LAUSR

Acoustic levitation is considered one of the most effective noncontact particle manipulation methods, along with aerodynamic, ferromagnetic, and optical levitation techniques. It is not restricted by the material properties of the target. However, existing acoustic levitation techniques have some drawbacks that limit their potential applications. Therefore, in this article, an innovative approach is proposed to manipulate objects more intuitively and freely. By taking advantage of the transition periods between the acoustic pulse trains and electrical driving signals, acoustic traps can be created by switching the acoustic focal spots rapidly.
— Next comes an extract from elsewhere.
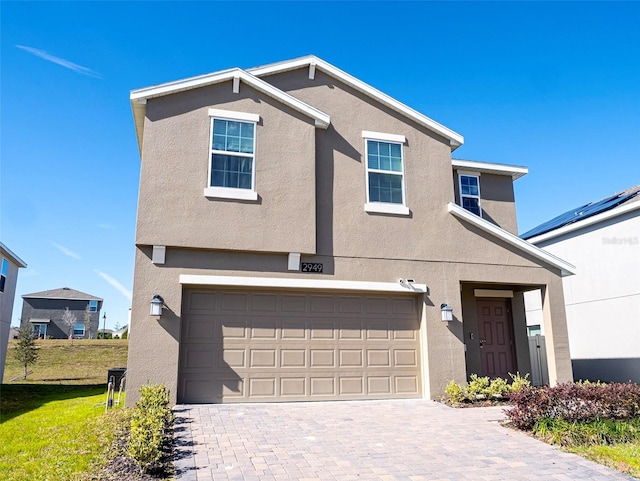 view of front facade featuring a garage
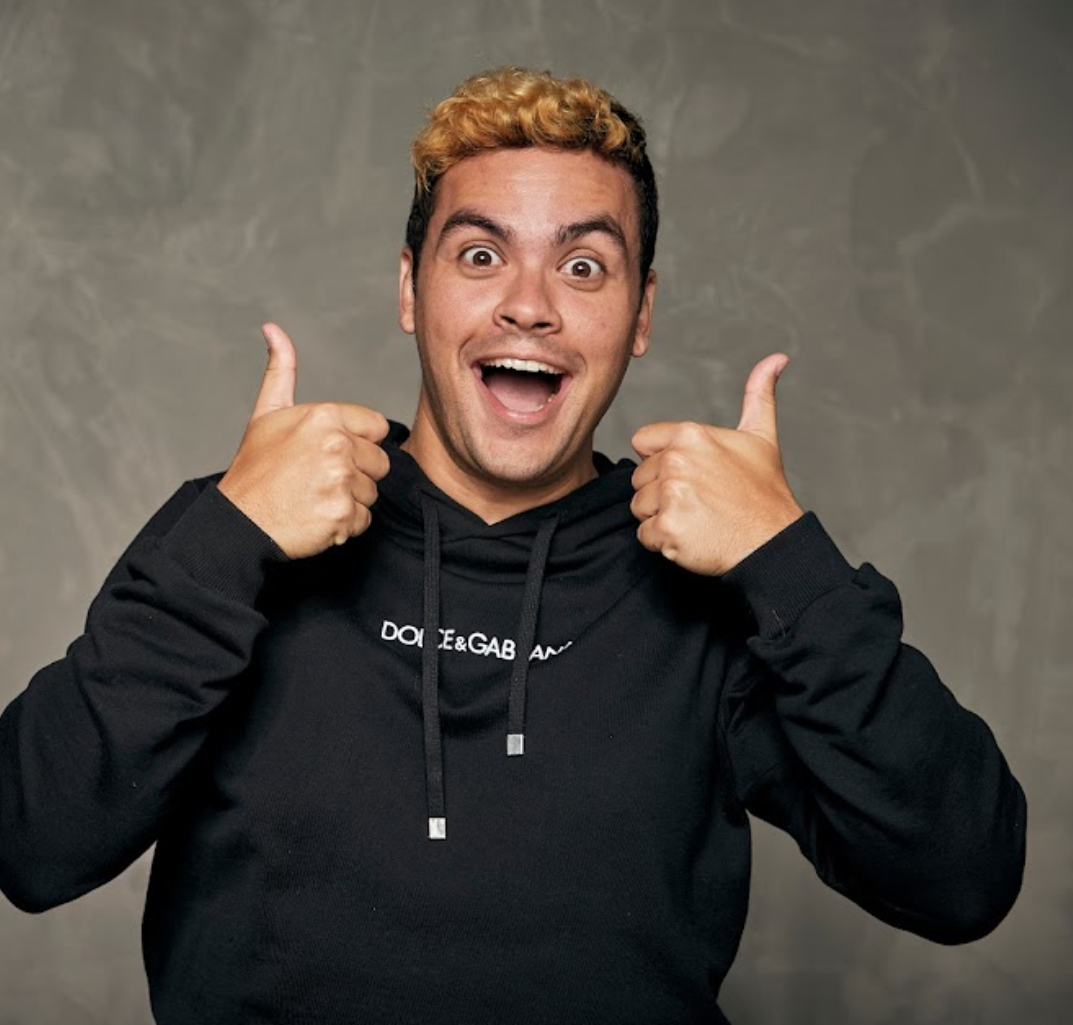 Nova fase? Luccas Neto assina contrato com <I>SBT</i>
Since the high-energy-density points are not formed simultaneously, the computation of the acoustic field distribution with complicated mutual interference can be eliminated. Therefore, compared to the existing approaches that created acoustic traps by solving pressure distributions using iterative methods, the proposed method simplifies the computation of time delay and makes it possible to be solved even with a microcontroller. In this work, three experiments have been demonstrated successfully to prove the capability of the proposed method including lifting a Styrofoam sphere, transportation of a single target, and suspending two objects. Besides, simulations of the distributions of acoustic pressure, radiation force, and Gor’kov potential were conducted to confirm the presence of acoustic traps in the scenarios of lifting one and two objects. The proposed tactic should be considered effective since the results of the practical experiments and simulations support each other.